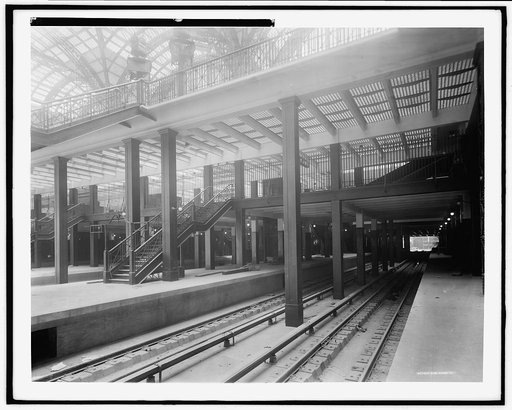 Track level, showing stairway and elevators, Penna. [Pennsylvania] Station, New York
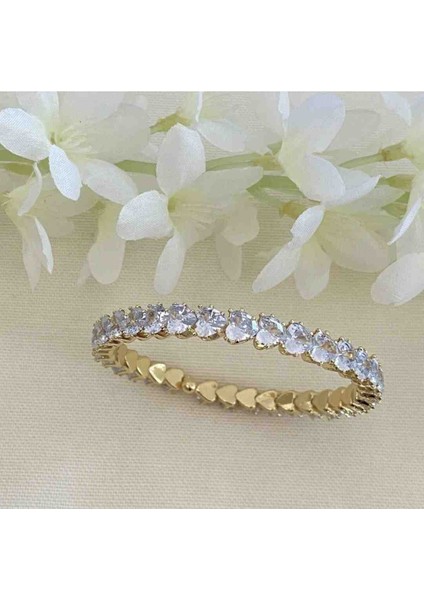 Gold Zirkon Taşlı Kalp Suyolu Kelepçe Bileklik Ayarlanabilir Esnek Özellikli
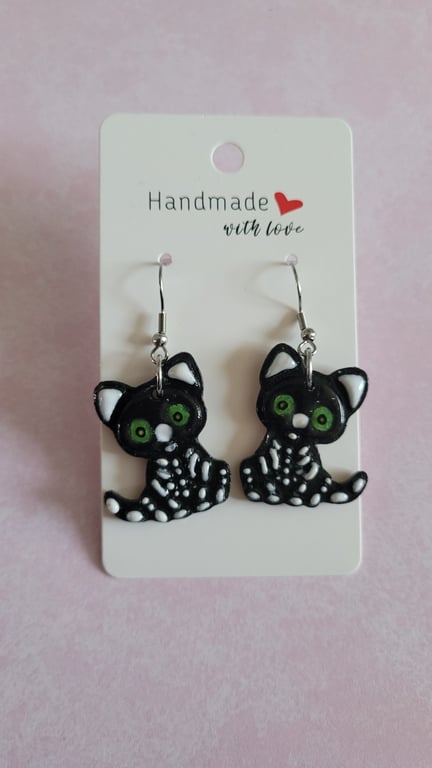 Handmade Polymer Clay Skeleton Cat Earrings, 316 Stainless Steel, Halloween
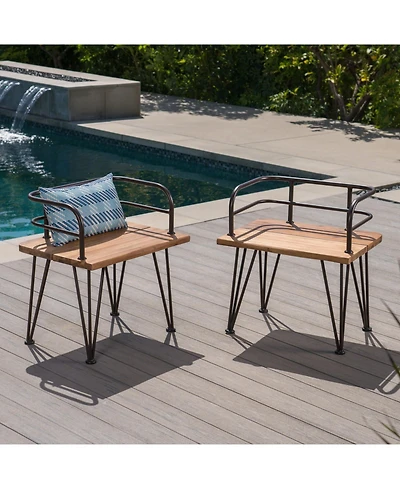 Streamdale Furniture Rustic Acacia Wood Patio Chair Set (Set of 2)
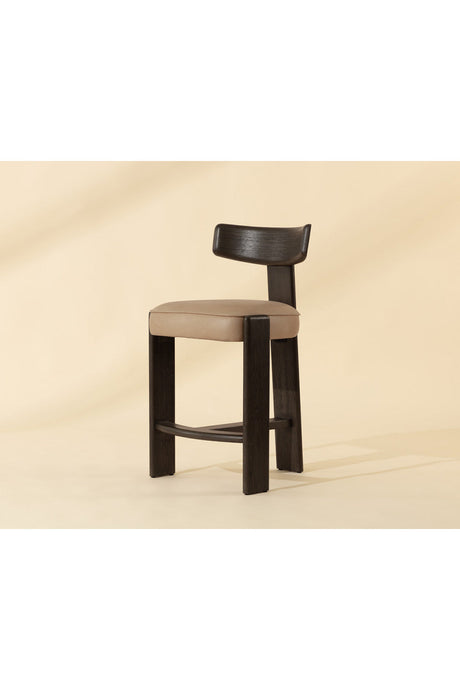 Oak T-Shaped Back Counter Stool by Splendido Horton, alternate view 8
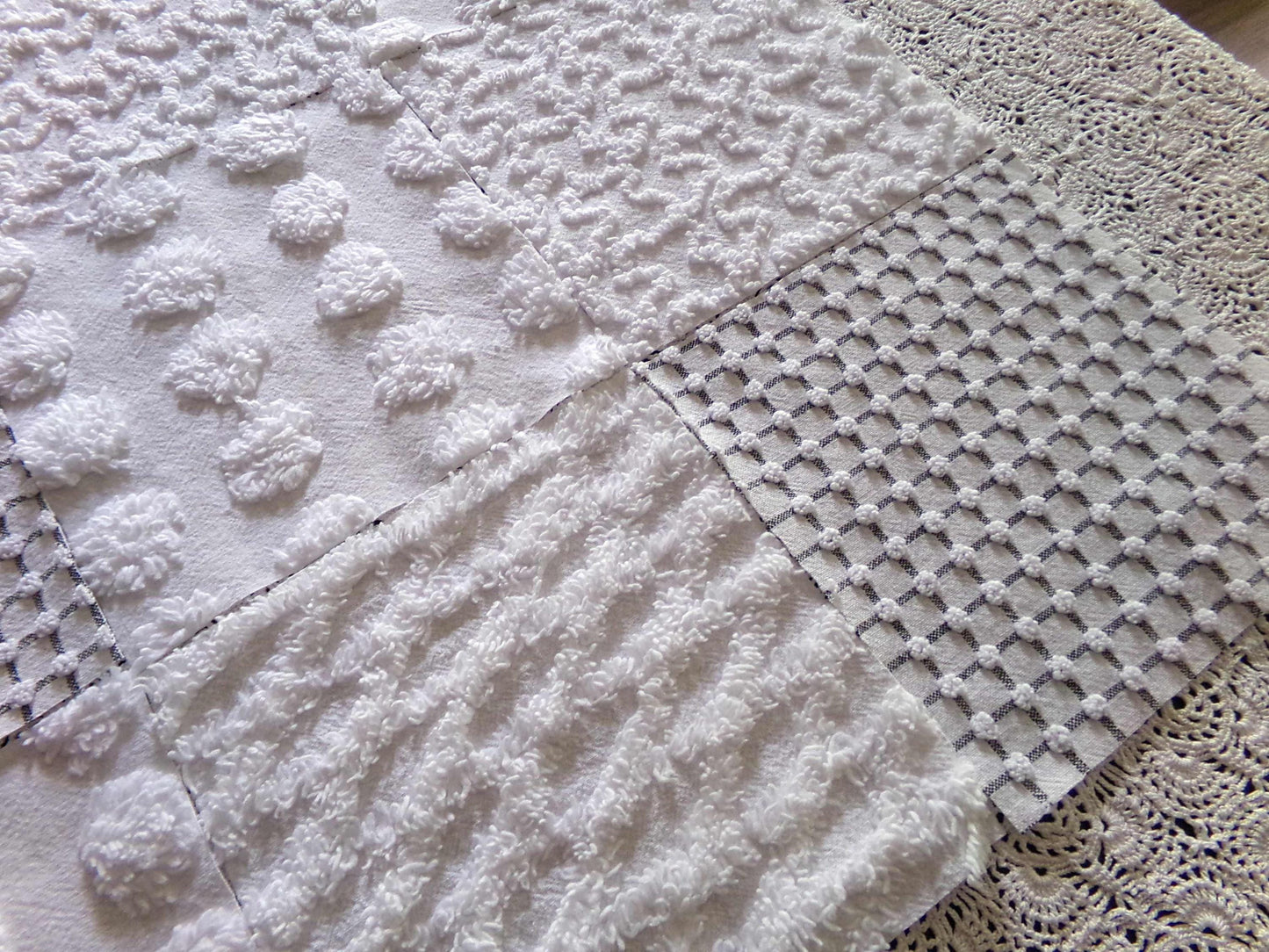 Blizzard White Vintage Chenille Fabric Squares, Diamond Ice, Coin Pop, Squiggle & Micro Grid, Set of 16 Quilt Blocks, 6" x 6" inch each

==================================================

• [To do] Beginning with the line with "Handmade Polymer Clay", repeat the entries above exactly, up to and including the last line, leaving out pictures.

• [Expected answer]
 Handmade Polymer Clay Skeleton Cat Earrings, 316 Stainless Steel, Halloween
 Streamdale Furniture Rustic Acacia Wood Patio Chair Set (Set of 2)
 Oak T-Shaped Back Counter Stool by Splendido Horton, alternate view 8
 Blizzard White Vintage Chenille Fabric Squares, Diamond Ice, Coin Pop, Squiggle & Micro Grid, Set of 16 Quilt Blocks, 6" x 6" inch each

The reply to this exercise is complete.